= Beginning of Section =
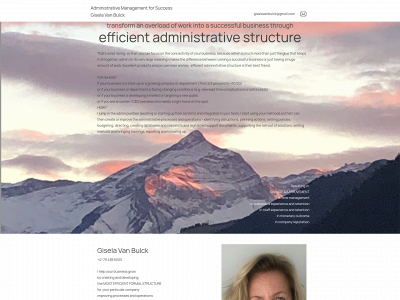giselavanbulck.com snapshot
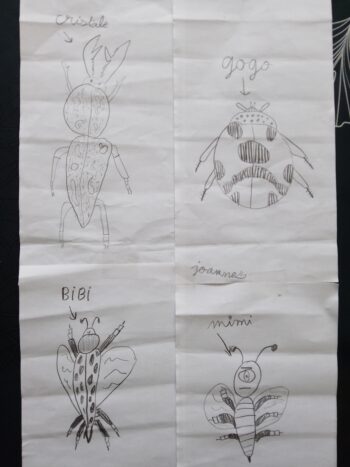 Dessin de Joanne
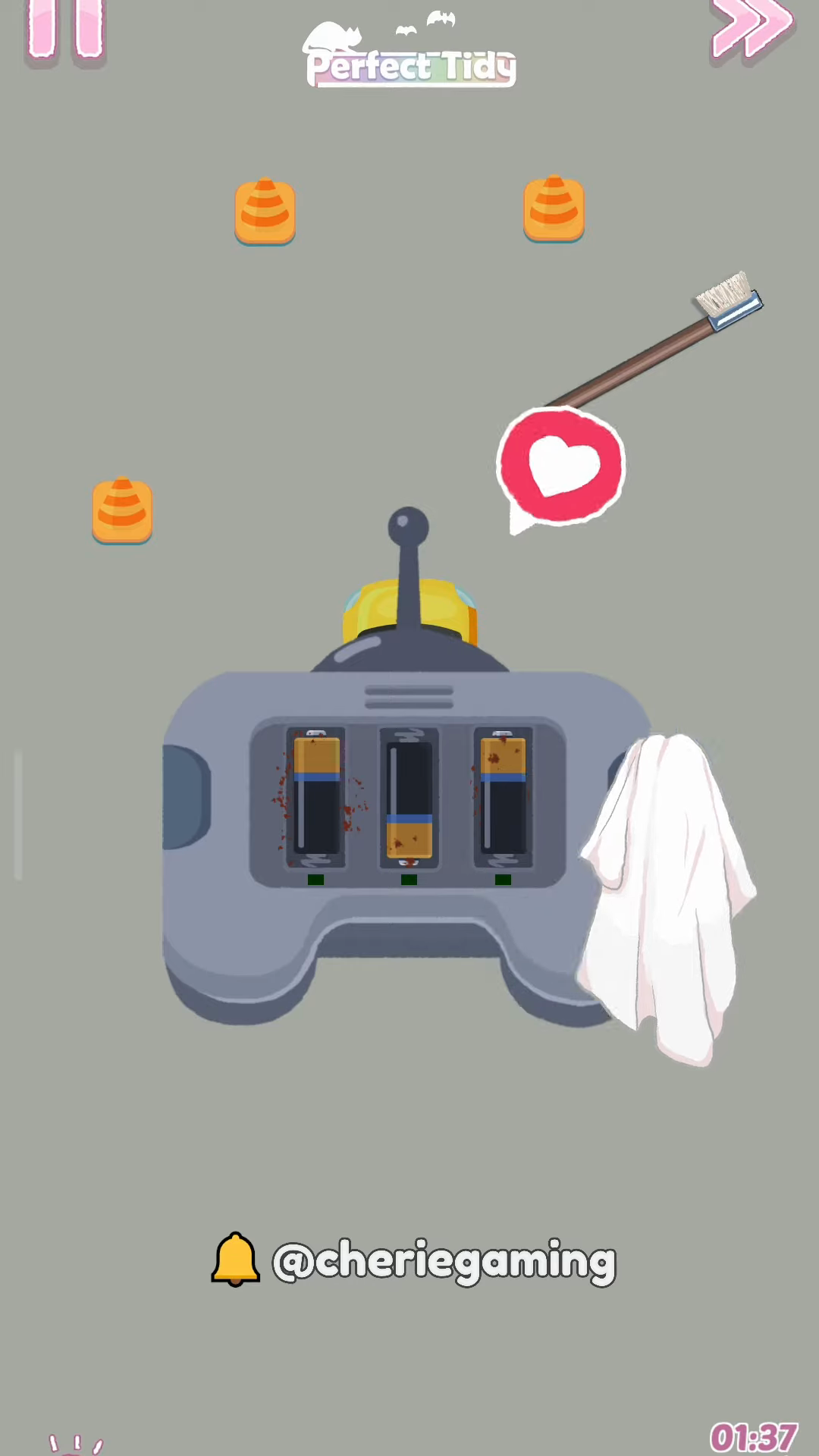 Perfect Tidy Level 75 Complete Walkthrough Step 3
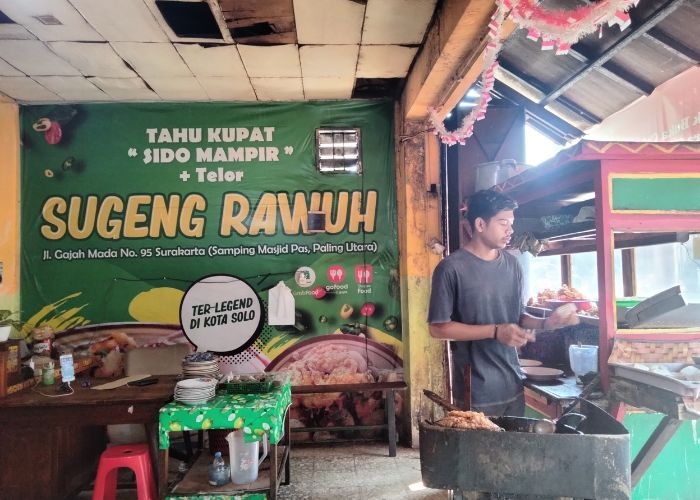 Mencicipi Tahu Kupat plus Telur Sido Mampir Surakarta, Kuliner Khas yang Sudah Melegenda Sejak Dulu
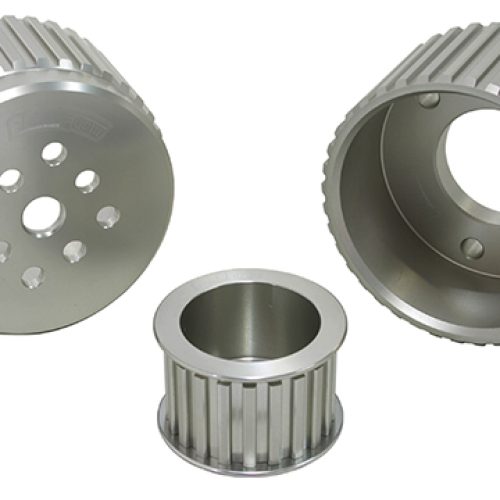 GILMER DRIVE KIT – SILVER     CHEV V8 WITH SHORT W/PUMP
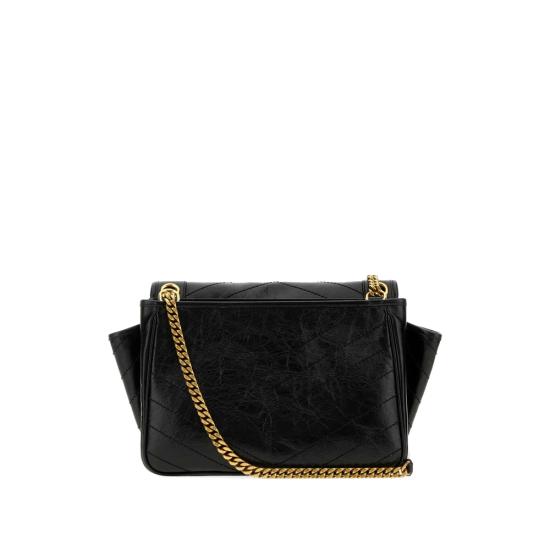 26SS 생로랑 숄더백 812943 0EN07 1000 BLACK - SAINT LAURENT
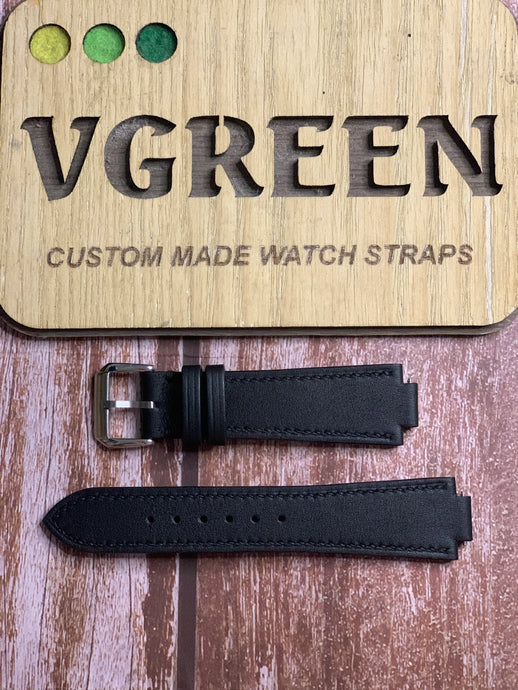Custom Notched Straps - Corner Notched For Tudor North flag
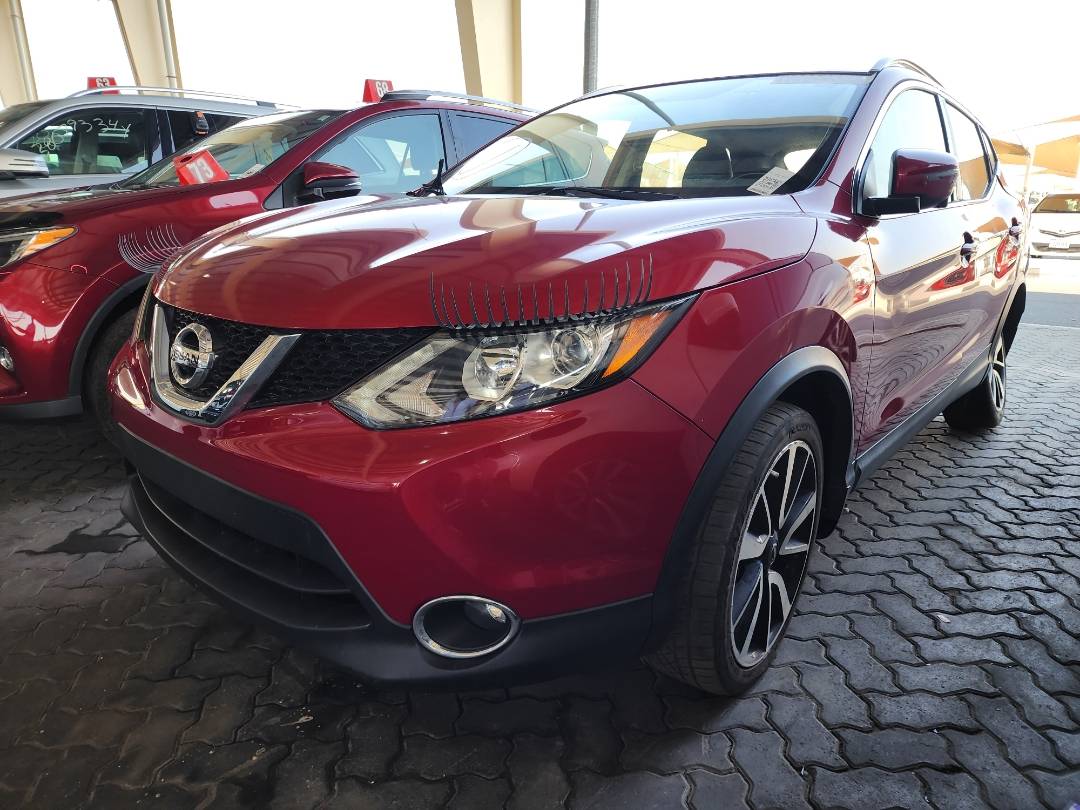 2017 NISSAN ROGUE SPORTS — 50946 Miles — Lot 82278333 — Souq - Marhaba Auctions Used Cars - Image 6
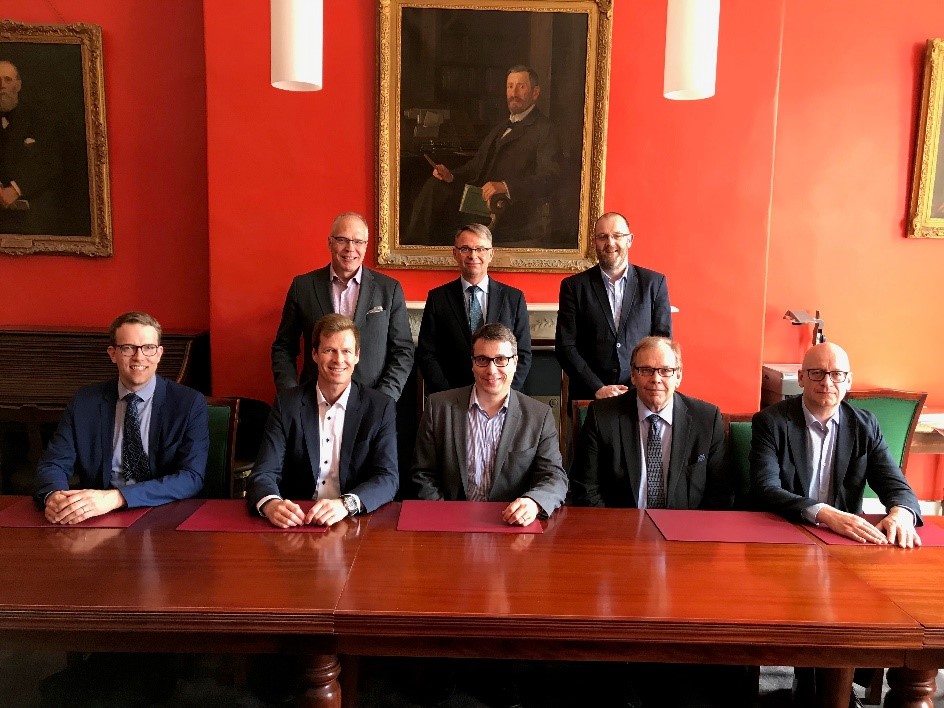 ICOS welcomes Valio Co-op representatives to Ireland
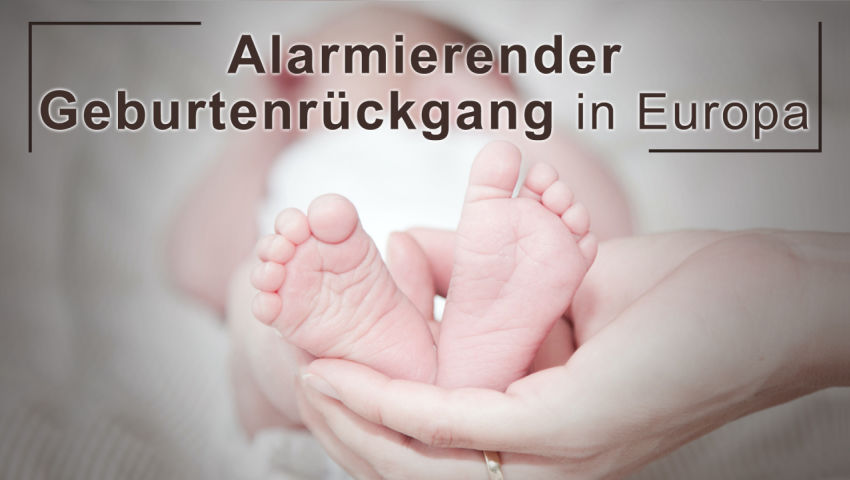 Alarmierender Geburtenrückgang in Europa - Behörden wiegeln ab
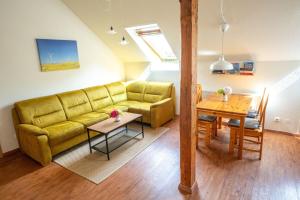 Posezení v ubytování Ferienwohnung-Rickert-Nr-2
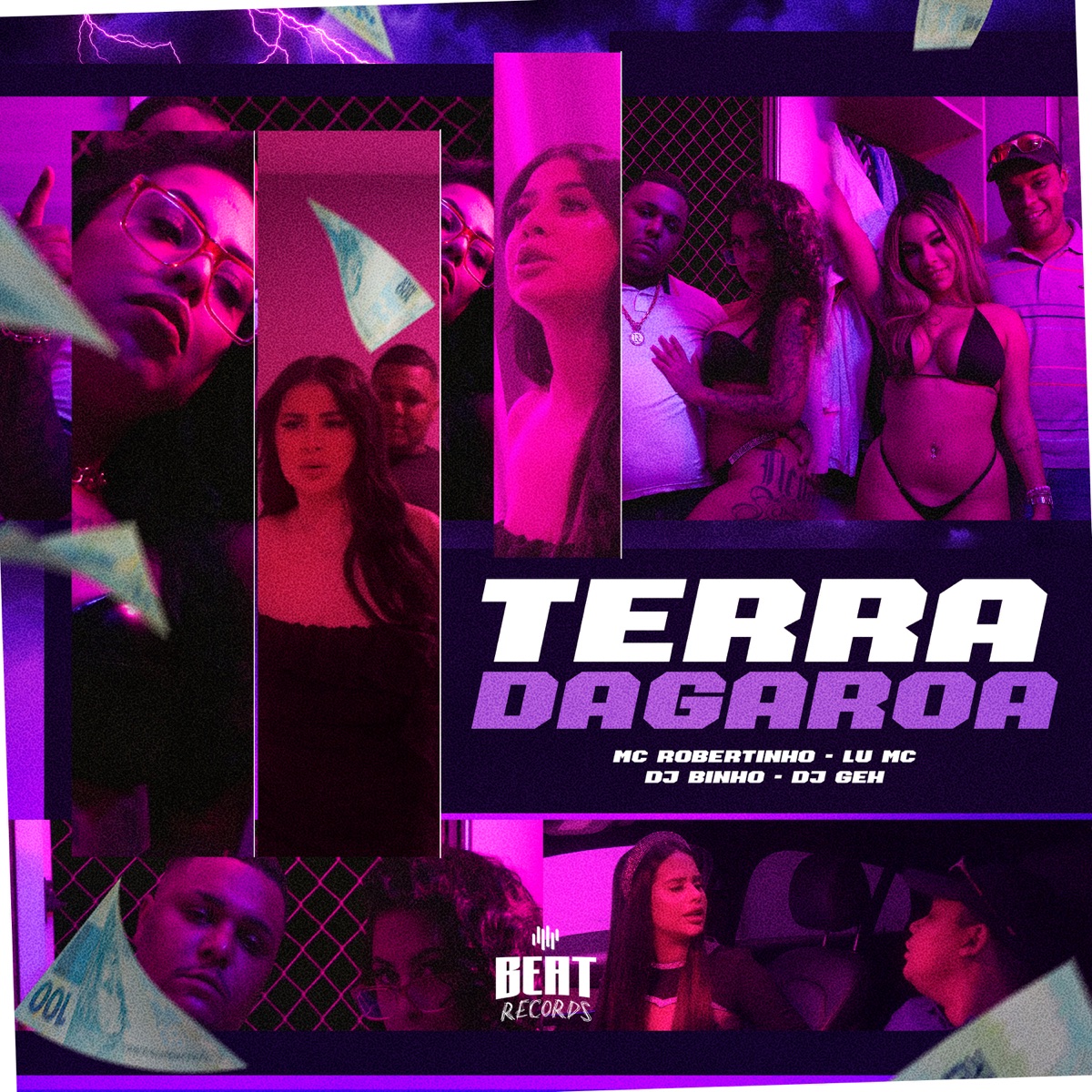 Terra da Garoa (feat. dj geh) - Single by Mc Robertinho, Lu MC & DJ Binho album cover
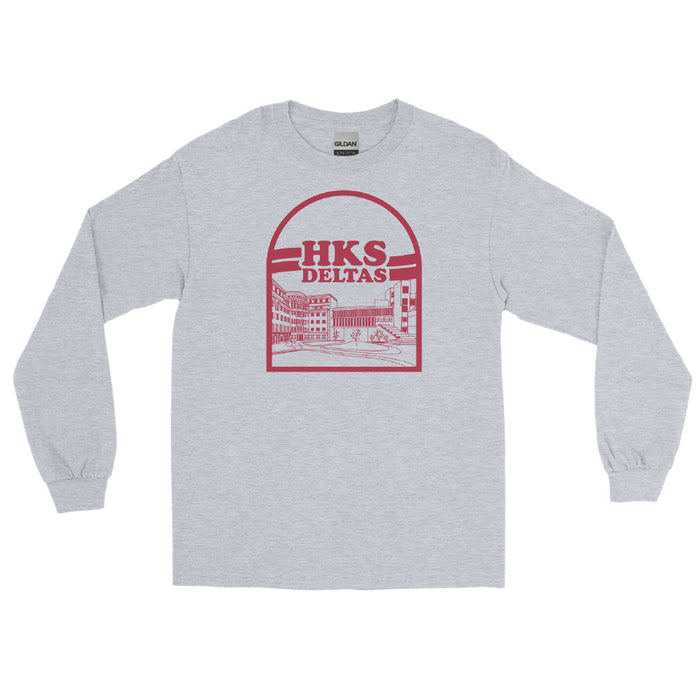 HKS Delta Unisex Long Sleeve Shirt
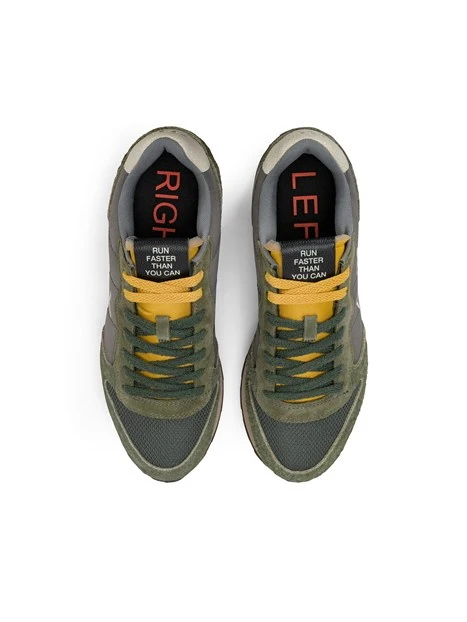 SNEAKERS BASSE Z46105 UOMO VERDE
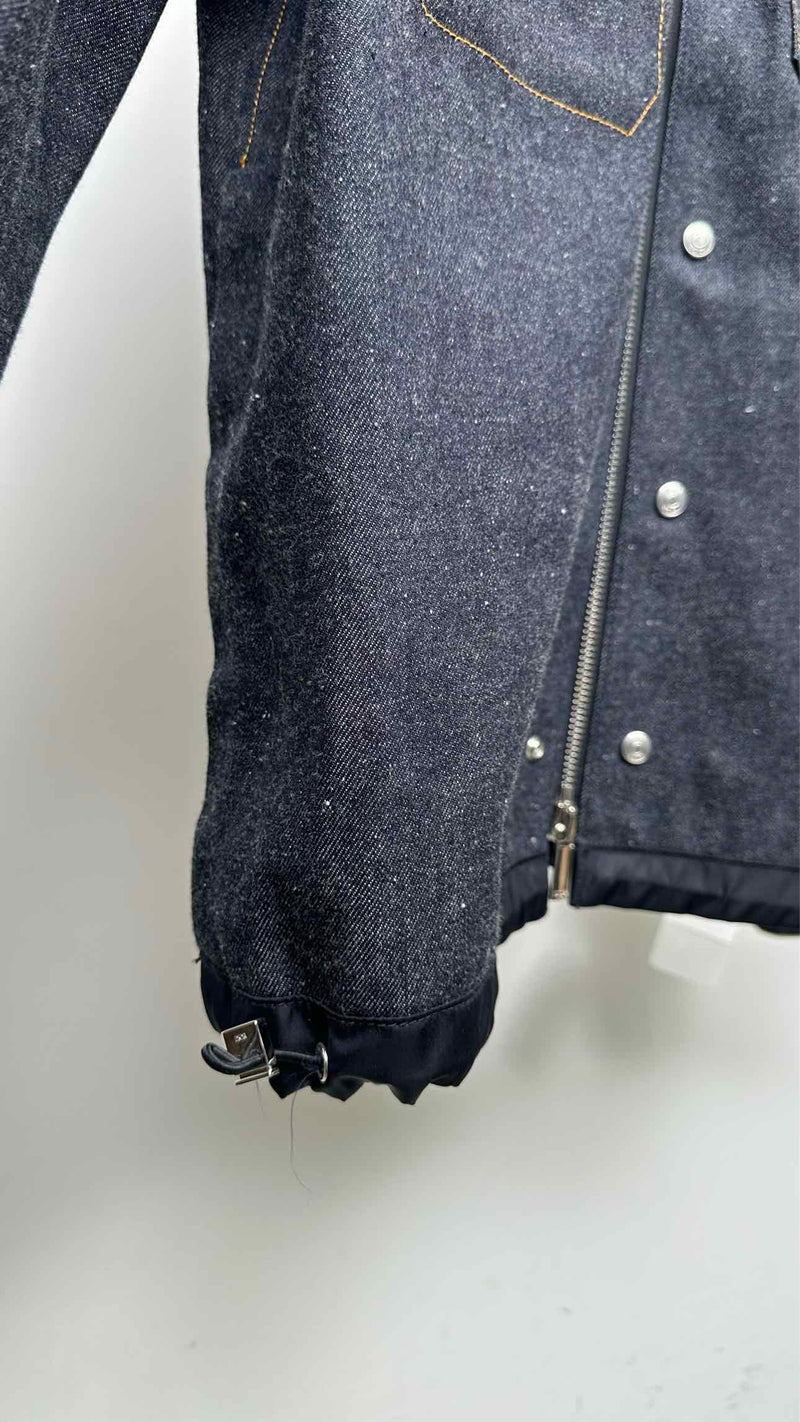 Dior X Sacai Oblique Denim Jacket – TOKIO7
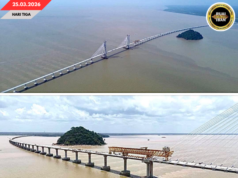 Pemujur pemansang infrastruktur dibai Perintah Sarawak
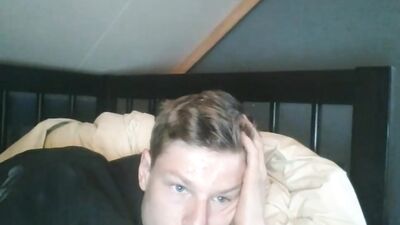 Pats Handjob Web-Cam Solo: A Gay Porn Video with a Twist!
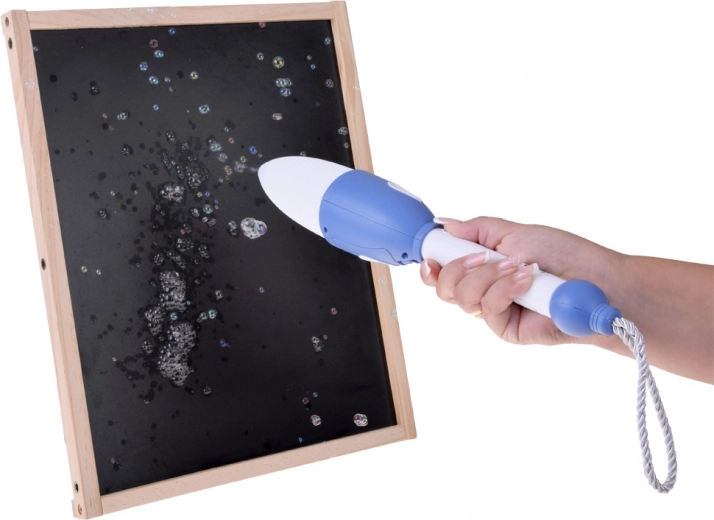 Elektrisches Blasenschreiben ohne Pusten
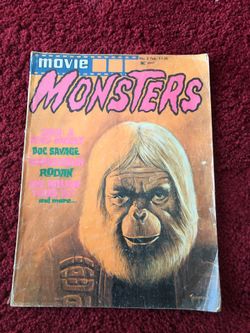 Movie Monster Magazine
= End of Section =
• YOUR OBJECTIVE: Could you set down the material above word for word while dropping its pictures?

• RESULT OF THE EXERCISE:
giselavanbulck.com snapshot
 Dessin de Joanne
 Perfect Tidy Level 75 Complete Walkthrough Step 3
 Mencicipi Tahu Kupat plus Telur Sido Mampir Surakarta, Kuliner Khas yang Sudah Melegenda Sejak Dulu
 GILMER DRIVE KIT – SILVER     CHEV V8 WITH SHORT W/PUMP
 26SS 생로랑 숄더백 812943 0EN07 1000 BLACK - SAINT LAURENT
Custom Notched Straps - Corner Notched For Tudor North flag
 2017 NISSAN ROGUE SPORTS — 50946 Miles — Lot 82278333 — Souq - Marhaba Auctions Used Cars - Image 6
 ICOS welcomes Valio Co-op representatives to Ireland
 Alarmierender Geburtenrückgang in Europa - Behörden wiegeln ab
 Posezení v ubytování Ferienwohnung-Rickert-Nr-2
 Terra da Garoa (feat. dj geh) - Single by Mc Robertinho, Lu MC & DJ Binho album cover
 HKS Delta Unisex Long Sleeve Shirt
 SNEAKERS BASSE Z46105 UOMO VERDE
 Dior X Sacai Oblique Denim Jacket – TOKIO7
 Pemujur pemansang infrastruktur dibai Perintah Sarawak
 Pats Handjob Web-Cam Solo: A Gay Porn Video with a Twist!
 Elektrisches Blasenschreiben ohne Pusten
 Movie Monster Magazine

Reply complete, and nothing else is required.